Annick hätte Croupier werden sollen!

Immer wieder löchert sie uns mit ihrem «Rien ne va plus!».

Sie schaut uns dabei so anklagend an, wie der kleine Spatz heute morgen, als er sehen musste, dass das Futterhäuschen leergefressen war.

TATSÄCHLICH GEHT BEI UNS GAR NICHTS MEHR!

Vor einem Monat hat der Mixer das Zeitliche gesegnet. Es war ein unschöner Tod.

Für ihn.

Und für uns.

Es sollte ein Spinat-Smoothie werden.

Ich bin zwar nicht der Smoothie-Typ.
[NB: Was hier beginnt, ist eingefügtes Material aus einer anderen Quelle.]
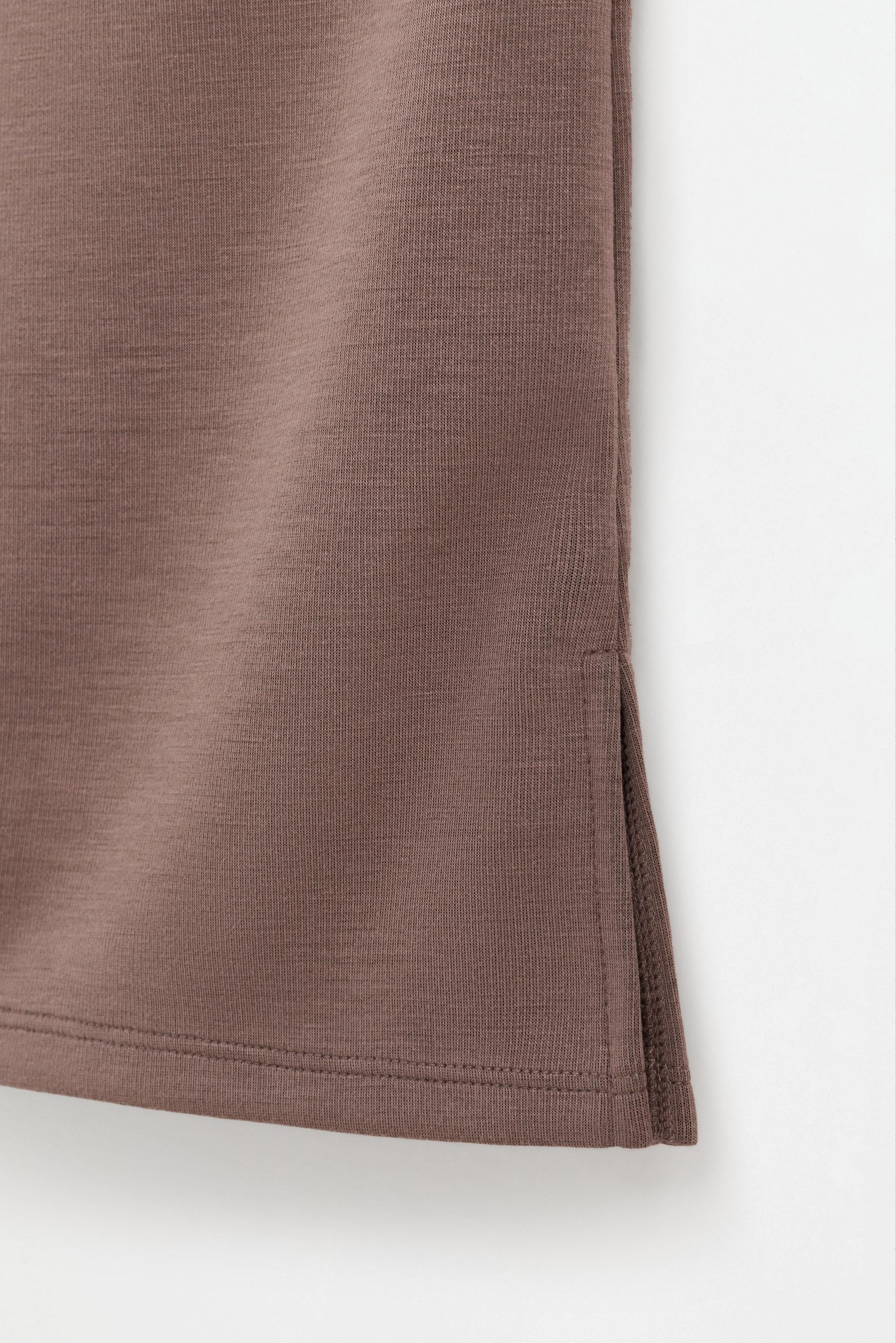 Bell bottom trousers with splits — MINK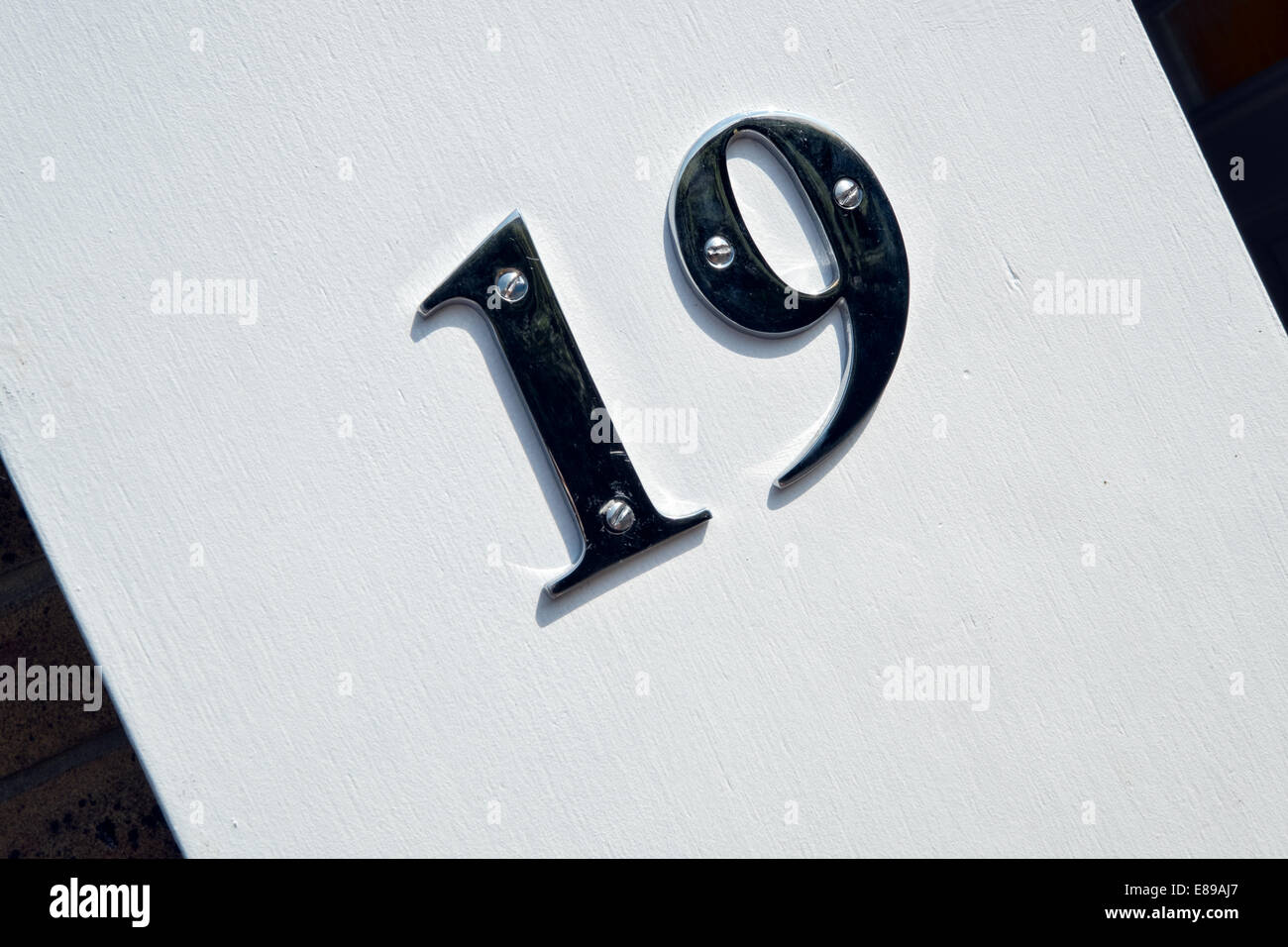 Numero di cromo 19 su uno stucco bianco parete, utilizzata per identificare la casa di indirizzo Foto Stock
Aber Angela kam zum Mittagessen. Sie ist unser Sonnenschein, wenn auch ein vegetarischer...

Ansonsten hat Angela (sie ist die Kleinste meines Göttibuben Oliver) wunderbare Seiten: sie geht ins Früh-Chinesisch, lernt tirolische Zupfzither und kann den Spagat.

ABER DAS IST NICHT DER KERN DER SACHE. SONDERN DER (?) ODER DAS (?) SMOOTHIE.

Deshalb: «Spinat, Apfel, Nuss – alles in den Kübel muss!»

Mixerschalter auf 5. Und ab gehts.

WENNS DENN GEHEN W Ü R D E!

«Rien ne va plus!» unkt Annick, diese miesmacherige Kuh.

Ich drehe derweil wild am Schalter. Von 0 auf Turbo. Und zurück.

RIEN NE VA PLUS!

«Das darf jetzt aber nicht wahr sein» – erscheint Innocent auf der Plattform.

Seinen Kommentar kann er sich sparen.

Und Annick schaut ihn achselzuckelnd an: «Rien ne va plus!»

«JA HIMMELARSCH – DIE MACHEN DAS DOCH ABSICHTLICH!».

Innocent ist überzeugt, dass Eiskästen, Hörapparat-Batterien und auch Eieruhren so konzipiert werden, dass sie spätestens sechs Minuten nach der Garantie-Zeit den Geist aufgeben.

«…UND FINDE HEUTE MAL EINEN, DER SO ETWAS REPARIERT!», tobte er kürzlich an einer Einladung.

«ALLE WOLLEN NUR NOCH STUDIS IN DER FAMILIE – UND KEINER KANN DEN STAUBSAUGER FLICKEN!».

Die Gastgeber, eine Familie Abächerli (die aber anonym bleiben möchte) – die Abächerlis also haben drei Kinder.

Zwei davon studieren das seltsame Fach der Betriebs-Psychologie. Der Dritte ist «Künstler».

«Künstler» ist immer eine Entschuldigung für ein abgebrochenes Studium. Oder für eine verkackte Karriere.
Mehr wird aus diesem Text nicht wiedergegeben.